This study investigates the sample complexity and sensitivity to contamination parameters in robust binary hypothesis testing under ε-additive (Huber), ε-subtractive, and ε-total variation contamination models. By leveraging information-theoretic and statistical decision-theoretic tools—combined with extremal distribution constructions and inequality analysis—the work establishes, for the first time, a least favorable distribution for the subtractive contamination model, revealing instability in sample complexity with respect to the contamination parameter. The main contributions include deriving tight upper and lower bounds on the sample complexity across all three models, demonstrating that these bounds differ only by constant factors, thereby establishing approximate equivalence among the models. Furthermore, the results are extended to adaptive contamination settings, highlighting the critical role of estimation accuracy of contamination parameters in determining sample requirements.

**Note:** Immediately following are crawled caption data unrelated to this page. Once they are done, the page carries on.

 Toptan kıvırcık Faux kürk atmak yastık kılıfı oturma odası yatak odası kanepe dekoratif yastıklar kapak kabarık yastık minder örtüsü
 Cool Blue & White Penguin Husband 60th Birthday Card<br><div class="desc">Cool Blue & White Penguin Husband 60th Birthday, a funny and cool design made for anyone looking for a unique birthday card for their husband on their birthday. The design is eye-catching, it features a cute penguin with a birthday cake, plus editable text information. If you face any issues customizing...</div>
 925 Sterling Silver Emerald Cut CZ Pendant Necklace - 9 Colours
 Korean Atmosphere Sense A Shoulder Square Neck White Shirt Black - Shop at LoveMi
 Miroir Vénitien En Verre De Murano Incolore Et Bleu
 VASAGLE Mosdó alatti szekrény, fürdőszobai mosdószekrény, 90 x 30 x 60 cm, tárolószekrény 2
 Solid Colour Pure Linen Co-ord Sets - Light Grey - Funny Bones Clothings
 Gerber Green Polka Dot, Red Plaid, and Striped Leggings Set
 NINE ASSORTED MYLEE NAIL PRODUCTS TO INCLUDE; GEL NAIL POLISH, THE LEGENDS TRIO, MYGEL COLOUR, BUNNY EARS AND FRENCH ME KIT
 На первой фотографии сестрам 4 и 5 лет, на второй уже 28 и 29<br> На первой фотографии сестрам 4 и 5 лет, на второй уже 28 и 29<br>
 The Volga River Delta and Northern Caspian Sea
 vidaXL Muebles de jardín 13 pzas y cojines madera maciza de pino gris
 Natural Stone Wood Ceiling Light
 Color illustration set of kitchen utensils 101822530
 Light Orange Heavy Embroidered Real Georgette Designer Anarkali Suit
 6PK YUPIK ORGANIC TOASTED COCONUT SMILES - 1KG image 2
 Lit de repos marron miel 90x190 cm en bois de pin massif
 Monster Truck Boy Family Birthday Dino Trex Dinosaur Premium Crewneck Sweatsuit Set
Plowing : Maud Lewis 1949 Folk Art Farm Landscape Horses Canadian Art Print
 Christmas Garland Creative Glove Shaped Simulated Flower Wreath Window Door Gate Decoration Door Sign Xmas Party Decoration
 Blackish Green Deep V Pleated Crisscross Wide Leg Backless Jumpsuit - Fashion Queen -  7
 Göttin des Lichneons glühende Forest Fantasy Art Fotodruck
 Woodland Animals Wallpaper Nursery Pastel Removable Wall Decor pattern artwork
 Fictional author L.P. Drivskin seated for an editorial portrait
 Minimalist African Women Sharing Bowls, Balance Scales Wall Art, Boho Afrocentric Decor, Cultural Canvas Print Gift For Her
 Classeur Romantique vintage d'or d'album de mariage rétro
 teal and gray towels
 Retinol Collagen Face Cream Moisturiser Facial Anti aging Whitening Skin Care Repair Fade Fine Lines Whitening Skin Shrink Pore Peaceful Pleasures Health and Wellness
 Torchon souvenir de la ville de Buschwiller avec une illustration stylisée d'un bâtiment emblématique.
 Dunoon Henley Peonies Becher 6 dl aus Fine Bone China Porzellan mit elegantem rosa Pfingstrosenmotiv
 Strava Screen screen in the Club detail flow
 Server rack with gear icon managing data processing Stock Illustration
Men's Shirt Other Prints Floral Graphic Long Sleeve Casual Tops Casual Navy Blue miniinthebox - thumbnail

We study the sample complexity of robust binary hypothesis testing under three standard contamination models: $\varepsilon$-additive (Huber), $\varepsilon$-subtractive, and $\varepsilon$-total variation (TV), denoted by $n^*_{\mathrm{Hub}}(\varepsilon)$, $n^*_{\mathrm{Sub}}(\varepsilon)$, and $n^*_{\mathrm{TV}}(\varepsilon)$, respectively. For subtractive contamination, we show that least favourable distributions exist and provide explicit formulas for the same, bringing this model in line with the classical Huber and TV models. Next we show that in all three models, sample complexity may be highly unstable in the contamination parameter $\varepsilon$, increasing by polynomial factors even for $o(\varepsilon)$ perturbations. Similarly, there may be polynomial factor gaps between the sample complexities when $\varepsilon$ is known exactly versus when it is known up to $o(\varepsilon)$ error. Despite the instability of the sample complexity in all models, we show that the sample complexities across models are comparable up to constant-factor rescaling of $\varepsilon$. Specifically, for any fixed $δ_0>0$, the following hold for all distributions $p$ and $q$: (i) $n^*_{\mathrm{Hub}}(\varepsilon) \lesssim n^*_{\mathrm{TV}}(\varepsilon) \lesssim n^*_{\mathrm{Hub}}(2\varepsilon)$, (ii) $n^*_{\mathrm{Sub}}(\varepsilon) \lesssim n^*_{\mathrm{TV}}(\varepsilon) \lesssim n^*_{\mathrm{Sub}}((2+δ_0)\varepsilon)$, and (iii) $n^*_{\mathrm{Sub}}(\varepsilon) \lesssim n^*_{\mathrm{Hub}}(\varepsilon) \lesssim n^*_{\mathrm{Sub}}((1+δ_0)\varepsilon)$, and the scaling constants are tight. Finally, we extend our results to adaptive versions of the contamination models.